For basic installation and setup see the main repo README.
Install dependencies using npm i, then run with node cli.js
Additional dependencies are QEMU, and optionally OVMF/AAVMF firmware for UEFI support.
Guests are defined using a guests.yml YAML config. By default, the application looks for this file in the current directory, but the path can be specified as the environment variable GUEST_CONFIG_PATH. The templates array specifies machine configuration templates that can be used to launch fleets. Template variables correlate directly to QEMU command line arguments for the most part, with few exceptions. Notably, the append array can be used to add arguments to the command line directly.
Variable substitution is also supported in templates, using double curly brace ({{var}}) syntax. For example, the guestId variable can be substituted in strings, to identify machine specific resources, such as disk images, and logs.
The guests array specifies which templates to use, and how many instances to launch per template.
See the examples/ directory for details.
| Variable | Description |
|---|---|
guestId |
Unique numeric identifier for each guest within a fleet |
macAddress |
Unique generated MAC for each guest |
templateName |
Name of the template used to create the fleet |
As mentioned above, templates support variable substitution for identifying resources that aren't shared between machines.
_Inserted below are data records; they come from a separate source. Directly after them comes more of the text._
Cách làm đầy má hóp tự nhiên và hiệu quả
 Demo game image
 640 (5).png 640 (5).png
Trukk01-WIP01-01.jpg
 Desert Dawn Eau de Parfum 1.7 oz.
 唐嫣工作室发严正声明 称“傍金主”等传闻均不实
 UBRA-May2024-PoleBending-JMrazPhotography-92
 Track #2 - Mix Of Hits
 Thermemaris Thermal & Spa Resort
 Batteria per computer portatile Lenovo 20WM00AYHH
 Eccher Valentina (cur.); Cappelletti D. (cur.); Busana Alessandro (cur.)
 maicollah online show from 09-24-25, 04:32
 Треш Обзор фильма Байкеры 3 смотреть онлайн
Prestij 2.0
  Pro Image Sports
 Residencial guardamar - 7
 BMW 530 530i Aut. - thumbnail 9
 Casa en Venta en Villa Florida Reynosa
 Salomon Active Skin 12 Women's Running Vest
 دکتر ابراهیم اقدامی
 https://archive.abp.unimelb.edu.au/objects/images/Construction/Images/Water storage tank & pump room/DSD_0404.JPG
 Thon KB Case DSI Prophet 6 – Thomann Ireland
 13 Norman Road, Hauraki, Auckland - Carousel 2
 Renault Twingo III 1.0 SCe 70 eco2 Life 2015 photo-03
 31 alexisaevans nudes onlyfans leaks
For example, a a disk can be specified like so:
drive:
- if: virtio
format: raw
file: /data/guest{{guestId}}.img
index: 0
media: diskA fleet of five devices would then require guest0.img through guest4.img to be present.
It should be noted that raw images lack many features of other image formats, such as qcow2. We can use a qcow2 image as a backing store, and have our instances write to copy-on-write (CoW) snapshots to save disk space.
A raw image can be converted to qcow2 like so:
qemu-img convert -f raw -O qcow2 rootfs.img rootfs.qcow2
After converting our raw image to qcow2, we can create additional CoW snapshot images using the original as a backing store:
$ for i in {0..4}; do \
qemu-img create -f qcow2 -F qcow2 -b rootfs.qcow2 guest${i}.qcow2 32G \
doneThese CoW snapshots can now be used directly by guests:
drive:
- if: virtio
format: qcow2
file: /data/guest{{guestId}}.qcow2
index: 0
media: diskIf you want to resize an image after it's created, you can do this from the host OS CLI as well. Make sure to power off the guest before attempting to resize the disk:
$ balena run -it -v ${appid}_resin-data:/mnt alpine \
apk add --update qemu-img \
&& qemu-img resize /mnt/guest0.qcow2 64G
First, create a bridge, and assign the physical interface as a slave. This can be done on the host OS using nmcli:
$ nmcli connection add type bridge ifname qemu0
$ nmcli connection add type bridge-slave ifname eno1 master qemu0
The changes will take affect after rebooting. Upon reconnecting to the device, you should see the physical interface with no address, and the bridge will now have an address.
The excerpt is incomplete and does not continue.